Italian Switzerland is fond of Good Friday processions, such as the highly folkloric one at Mendrisio, and of Passion plays, as at Coldrerio. North of the Alps, such plays were also held at Romont from 1456, at Selzach from 1892 to 1972, and at Disentis, Trun, and Sevgein until the mid-20th century.

The popular and often spectacular nocturnal resurrection festival has given way to a more sober service on the evening of Holy Saturday. During Holy Week, butchers paraded decorated fat oxen as a sign of the approaching end of Lent; the custom persisted for a long time, for example at Moudon.

=== Easter and after ===

The egg has been the secular symbol of Easter, the principal feast of Christendom, since the 17th century. Blown out and artistically decorated, it has been the object of special markets and exhibitions since the 1960s.

Quasimodo Sunday, a week after Easter (in German Weisser Sonntag or "White Sunday"), takes its name from the early Church, when the newly baptized wore for the last time the white garments they had received at Easter for their baptism. Since the 18th century, it has been the day of first communion for Swiss Catholics. From the 1920s, girls wore white and boys wore black with a white armband or boutonnière; from the 1970s, all wore the alb.

The Rogation days (processions through the fields), established by Pope Leo III around 800, took place on the three days before Ascension, one of the oldest Christian feasts. From the late Middle Ages, Ascension was the occasion for the "boundary tours" of Basel-Landschaft, the Beromünster cavalcade, and the cantonal pilgrimage of Zug to Einsiedeln. The raising during Mass of a statue of Christ toward the ceiling of the church, condemned in the 18th century, has been preserved at St. Leodegar's in Lucerne and at Schwyz.

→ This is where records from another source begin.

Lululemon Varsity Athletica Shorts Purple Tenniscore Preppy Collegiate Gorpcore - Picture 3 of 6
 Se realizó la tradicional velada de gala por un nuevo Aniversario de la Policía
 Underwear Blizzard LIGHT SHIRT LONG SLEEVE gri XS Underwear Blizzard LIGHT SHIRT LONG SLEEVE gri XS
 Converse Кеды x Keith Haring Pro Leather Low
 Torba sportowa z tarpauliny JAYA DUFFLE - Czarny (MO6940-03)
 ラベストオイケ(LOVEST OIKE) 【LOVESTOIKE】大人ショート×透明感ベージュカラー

The evening devotions of the month of Mary (May) have belonged since the Middle Ages to the most heartfelt popular piety; the indulgences attached to this practice spread it generally in the 19th century.

== Pentecost cycle ==

=== Pentecost and Corpus Christi ===

Celebrated since the 4th century, Pentecost has never been as popular as Christmas and Easter. Spring customs such as the Feuillu in some Geneva localities, or the Pfingstsprüzlig in the Fricktal—where a young man dressed in leaves splashes young women near fountains—have no connection with the Christian meaning of the feast.

Corpus Christi (the second Thursday after Pentecost) was prescribed for the whole Church by Pope Urban IV in 1264 and spread in the 14th century. It includes a great procession in honor of the Blessed Sacrament, reflecting a new attitude toward the Eucharist: humble adoration from outside, rather than the celebration of the Last Supper. This procession combined with traditional field processions. At their most splendid in the Baroque period, with flower-decked altars, garlands, triumphal arches, and mortar fire, these processions remain solemn today at Appenzell Innerrhoden, Fribourg, Kippel, and Visperterminen.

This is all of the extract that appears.